What This Means for Your Business

For an SME with an active claim against an insurer, the practical limitation map is: identify whether the cause of action has accrued; identify which sector-specific override (WICA, Motor Vehicles Act, Hague-Visby, Maritime Conventions Act) applies if any; identify the policy contractual time bars (the 9-month cargo bar, the policy claims-made notification window); and identify the section 6 6-year statutory bar against the insurer.

For an SME with a long-tail notification (a D&O Notice of Circumstance, a Professional Indemnity reservation, a claims-made-and-reported renewal-cycle notification), the practical map is: confirm the notification has been properly received and acknowledged within the policy period; track the contractual policy clock for any "deeming" effect; track the statutory clock independently and note when the cause of action against the insurer will accrue (typically on repudiation); and ensure proceedings are commenced within 6 years of accrual or that a section 26 written acknowledgment is obtained from the insurer within that period.

For an SME considering acknowledgment-restart: the section 27(1) formal requirements are exacting.

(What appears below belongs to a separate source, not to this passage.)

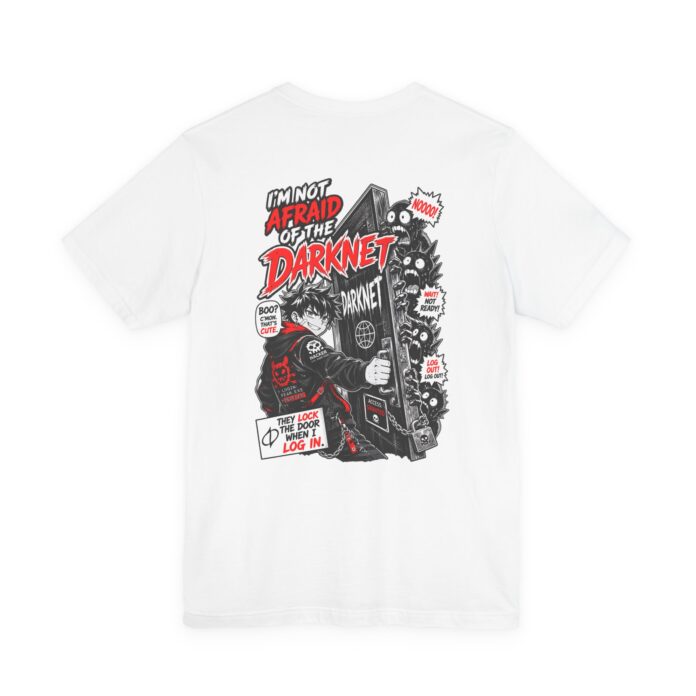 I'm Not Afraid of the Dark T-Shirt TYP056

A written and signed acknowledgment from the insurer admitting liability for the claim, made within the original 6-year window, restarts the clock. A post-expiry acknowledgment cannot revive the claim (section 28(5)).

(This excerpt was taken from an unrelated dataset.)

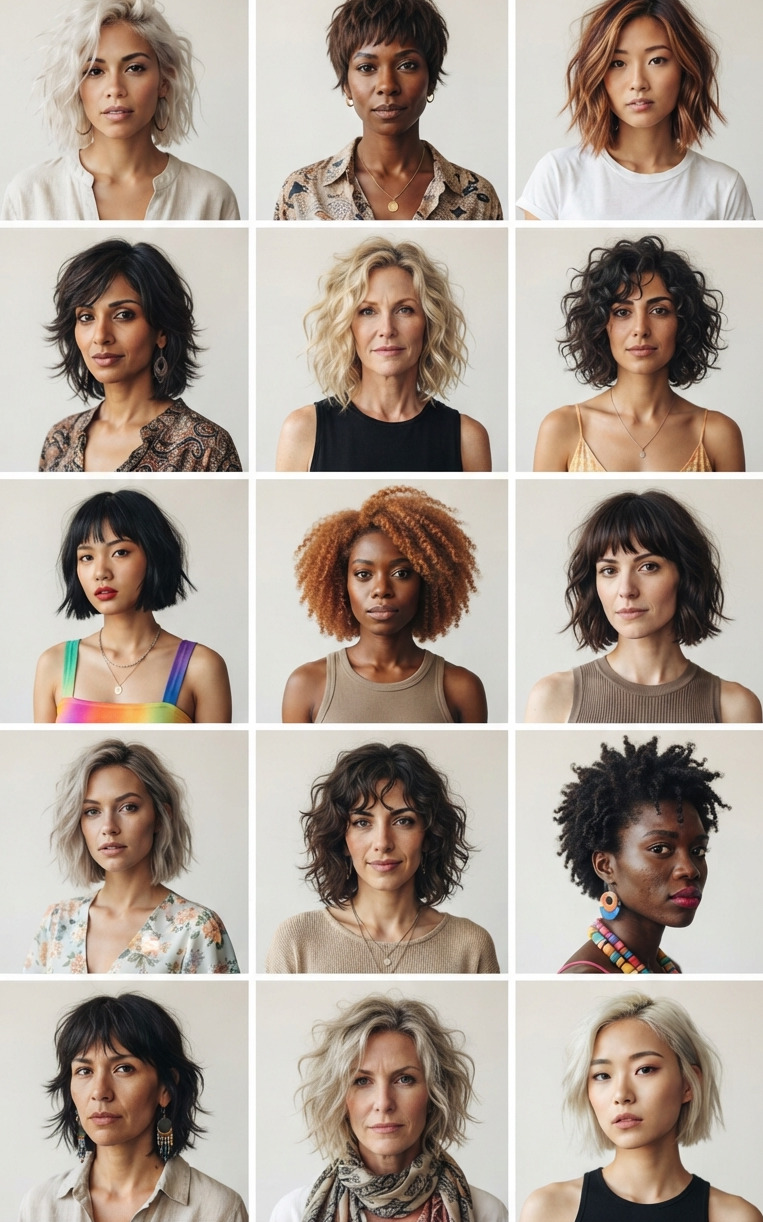 What Is Ripped Bob Haircut Definition and Its Photos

Questions to Ask Your Adviser

  1. For each open claim or open notification, what is the cause of action accrual date against the insurer, and how close are we to the 6-year statutory bar?
  2. For claims-made-and-reported notifications under D&O, PI, or Cyber, when does the statutory clock against the insurer start running?
  3. For any open WICA matter, is the 1-year claim filing window within MOM eService still open?
  4. For marine cargo claims, has the 9-month Institute Cargo Clauses contractual bar been preserved by commencement of proceedings or written extension?
  5. Has any written acknowledgment under section 27(1) been received from the insurer that would restart the section 26 clock?
  6. For any contribution rights against co-defendants or other insurers, is the section 6A 2-year contribution period still within reach?
  7. For long-tail latent damage claims, where do we sit relative to the section 24A discoverability extension and the section 24B 15-year long-stop?